The inside of a rifle gets extremely hot when fired repeatedly, and a lot of carbon is blowing in there, so use the right type of oil—one that’s made for rifles. Several thin teflon- or silicon-based lubricants are on the market and are designed more for rust protection on the outside. They will burn off, blow away, and not last very long. Keep a bottle of high-quality rifle lube on hand as part of your defensive gear.
RIFLE LUBRICATION, CLEANING, OR BOTH?
If you clean your AR-15 but don’t lubricate it, it won’t run very well. After about one magazine of ammo, it will start getting sluggish and loaded with carbon. If you leave it dirty but keep it lubed with high-quality lube, it will run for a very long time.
DON’S RIFLE LUBRICATION PROCEDURE
1. Move the bolt forward.
2. Find the two small holes that are in the side of the bolt carrier and put a drop or two of oil inside each hole.
3. Using the thumb, pull back on the charging handle just enough to expose the locking lugs and put a couple drops of oil on them.
4. Turn the rifle on its side, exposing the magazine well. Do the same thing with the thumb, hold it open, and put a couple drops of oil on the locking lugs from this angle.
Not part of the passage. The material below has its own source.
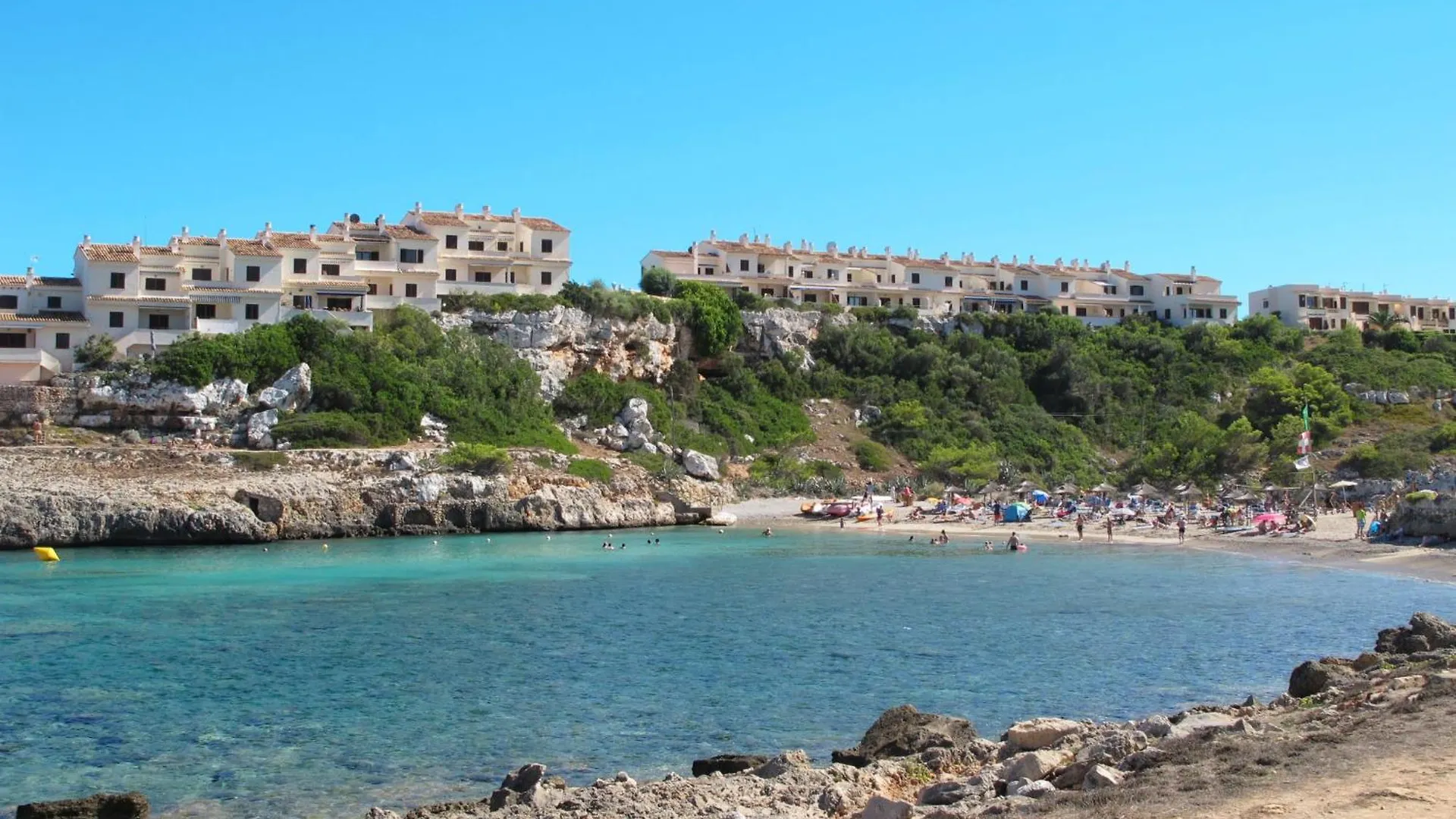 Holiday Home Matos By Interhome Cala Murada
5. Also put two drops on the bottom shiny friction surface of the bolt carrier itself.
6. Turn the rifle right-side up, lock the bolt to the rear, and leave the charging handle open. Put two drops there on the charging handle and smear them around with your finger. That will keep the charging handle slick too.
7. Work the oil in by moving the charging handle back and forth a few times.
That’s all you need to do to take a rifle that’s acting sluggish on the range during rifle training or practice and get it back in the game.
Be careful how much oil you put on your rifle. If you overlube it, though it doesn’t hurt the rifle, the oil will fly up into your face during a string of fire and you’ll need to stop and clean your glasses before continuing.